August 25, 2015
On Monday, 24 August 2015 at 16:52:54 UTC, Márcio Martins wrote:
> I'm posting this here for visibility. This was silently corrupting our data, and might be doing the same for others as well.
>
> import std.stdio;
> void main() {
>   double x = 1.2;
>   writeln(cast(ulong)(x * 10.0));
>   double y = 1.2 * 10.0;
>   writeln(cast(ulong)y);
> }
>
> Output:
> 11
> 12
>

Internally the first case calculates x * 10.0 in real precision and casts it to ulong in truncating mode directly. As 1.2 is not representable, x is really 1.199999999999999956 and the result is trunc(11.99999999999999956) = 11.

In the second case x * 10.0 is calculated in real precision, but first converted to double in round-to-nearest mode and then the result is truncated.


August 25, 2015
On 8/25/15 9:51 AM, "=?UTF-8?B?Ik3DoXJjaW8=?= Martins\" <marcioapm@gmail.com>\"" wrote:
> On Tuesday, 25 August 2015 at 11:14:35 UTC, Steven Schveighoffer wrote:
>> On 8/24/15 5:34 PM, "=?UTF-8?B?Ik3DoXJjaW8=?= Martins\"
>> <marcioapm@gmail.com>\"" wrote:
>>> On Monday, 24 August 2015 at 21:03:50 UTC, Steven Schveighoffer wrote:
>>
>>>> I understand the inconsistency, and I agree it is an issue that should
>>>> be examined. But the issue is entirely avoidable by not using
>>>> incorrect methods to convert from floating point to integer after
>>>> floating point operations introduce some small level of error.
>>>>
>>>> Perhaps there is some way to make it properly round in this case, but
>>>> I guarantee it will not fix all floating point errors.
>>>>
>>>
>>> What is the correct way to truncate, not round, a floating-point value
>>> to an integer?
>>
>> auto result = cast(ulong)(x * 10.0 + x.epsilon);
>>
>
> import std.stdio;
> void main() {
>      double x = 1.2;
>      writeln(cast(ulong)(x * 10.0 + x.epsilon));

Sorry, I misunderstood what epsilon was (I think it's the smallest incremental value for a given floating point type with an exponent of 1). Because your number is further away than this value, it doesn't help.
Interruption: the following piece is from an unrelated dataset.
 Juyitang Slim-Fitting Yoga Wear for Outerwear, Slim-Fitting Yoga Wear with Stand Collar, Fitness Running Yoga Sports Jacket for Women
You need to add something to correct for the error that might exist. The best thing to do is to add a very small number, as that will only adjust truly close numbers.

In this case, the number you could add is 0.1, since it's not going to affect anything other than a slightly-off value. It depends on where you expect the error to be.

As bachmeier says, it's not something that's easy to get right.

>
>      double y = x * 10.0;
>      writeln(cast(ulong)(y + x.epsilon));
>
>      double z = x * 10.0 + x.epsilon;
>      writeln(cast(ulong)(z));

these work because you have converted to double, which appears to round up.

-Steve
August 25, 2015
On Tuesday, 25 August 2015 at 14:54:41 UTC, Steven Schveighoffer wrote:
> On 8/25/15 9:51 AM, "=?UTF-8?B?Ik3DoXJjaW8=?= Martins\" <marcioapm@gmail.com>\"" wrote:
>>      [...]
>
> Sorry, I misunderstood what epsilon was (I think it's the smallest incremental value for a given floating point type with an exponent of 1). Because your number is further away than this value, it doesn't help.
>
> You need to add something to correct for the error that might exist. The best thing to do is to add a very small number, as that will only adjust truly close numbers.
>
> In this case, the number you could add is 0.1, since it's not going to affect anything other than a slightly-off value. It depends on where you expect the error to be.
>
> As bachmeier says, it's not something that's easy to get right.
>
>>      [...]
>
> these work because you have converted to double, which appears to round up.
>
> -Steve

I didn't convert to double. My computations are all in double to start with, as you can see for my explicit types everywhere.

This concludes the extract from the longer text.